My use case: I have about 5000 images (each a 1-2gb slide scan) that I need to import into a new OMERO instance. These will fall into one Project, several hundred Datasets. I think I understand the Bulk Import option pretty well, and should be able to handle setting up import targets and creating the import configuration files programatically. What is less clear to me is how to handle annotating these files with key:value metadata (e.g., Species, tissue, gene, etc) in bulk. I haven't had much luck finding a clear solution in the documentation--the Populate Metadata script seems tailored toward annotation of screens.

There are several key:value pairs (falling under 2+ namespaces) that I could annotate files with at the same time as import, but there doesn't seem to be a straightforward way to include these annotations in the configuration file/settings, unless I am missing something. Nonetheless, I will still have to come back later and annotate all ~5000 images with an additional key:value pair in which the value with be unique to each image.

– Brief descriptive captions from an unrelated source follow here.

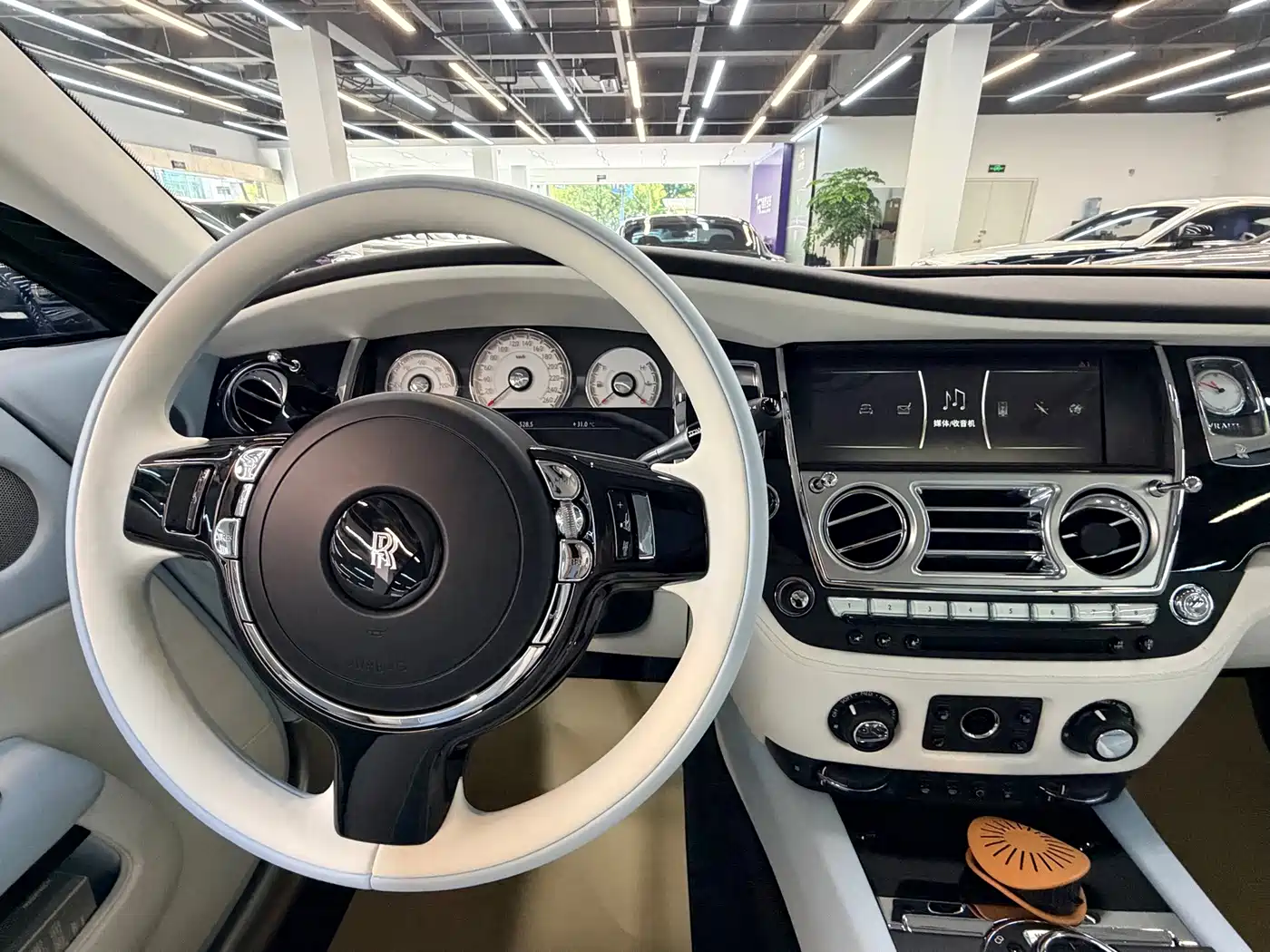 Rolls-Royce Wraith 2018 2018 6.6T Standard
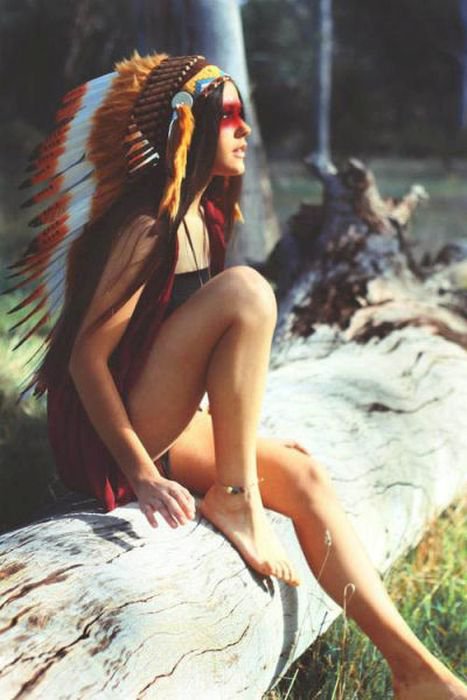 Девушки в костюмах индейцев (37 фото)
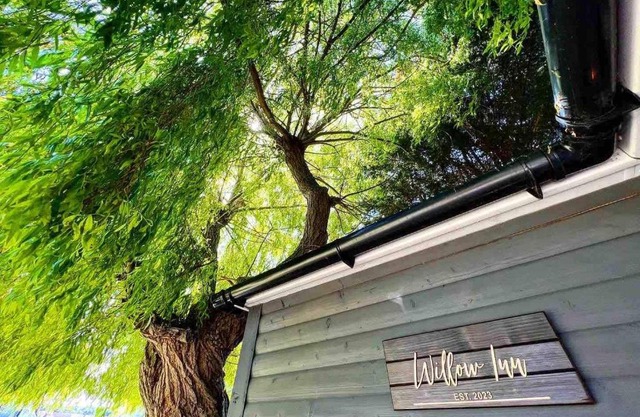 Willow Inn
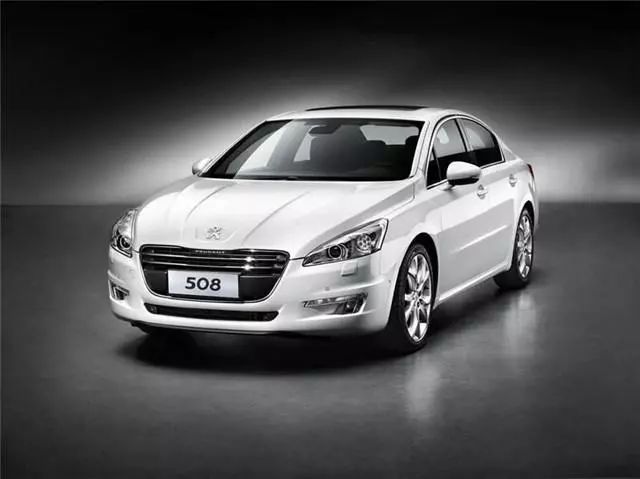 轴距2.8米，搭载宝马发动机的中级车是怎么输的，标致508告诉你！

Are there any tools already available to, for example, take a tsv of image ids + key/value annotations and automatically populate? My backup plan is to write a tool, probably a shell script that uses the omero CLI, to do this very thing. But if I can save myself the work and/or follow best practices/conventions, I would prefer that.

Re: Bulk Data Import and Key:Value annotation

PostPosted: Tue Oct 23, 2018 2:40 pm
by manics
This sounds very similar to what we're doing with the IDR https://idr.openmicroscopy.org/ where we've got several large screens and datasets, all are heavily annotated.

Most of the new functionality was included in a separate OMERO CLI plugin, https://github.com/ome/omero-metadata

Unfortunately documentation is lacking, but all the raw files including CSVs and YAML configurations used to create the IDR annotations are available at https://github.com/IDR/idr-metadata

This is our most recent example of annotating a dataset in the manner you require: https://github.com/IDR/idr0045-reichman ... xperimentA

idr0045-experimentA-annotation.csv is a CSV of the Dataset and Image names along with the required annotations.
idr0045-experimentA-bulkmap-config.yml is a configuration file which controls the creation and grouping of the map-annotations, and is designed for use with https://github.com/ome/omero-mapr which enables easy querying of annotation terms across the IDR. For example, it allows us to split annotations into separate namespaces such as Organism. You may not need this configuration file.

If you click on some of the images in https://idr.openmicroscopy.org/webclien ... roject-405 under attributes in the right-hand pane you will see the annotations corresponding to the CSV.

The other files are used to manage imports, or change the rendering of images.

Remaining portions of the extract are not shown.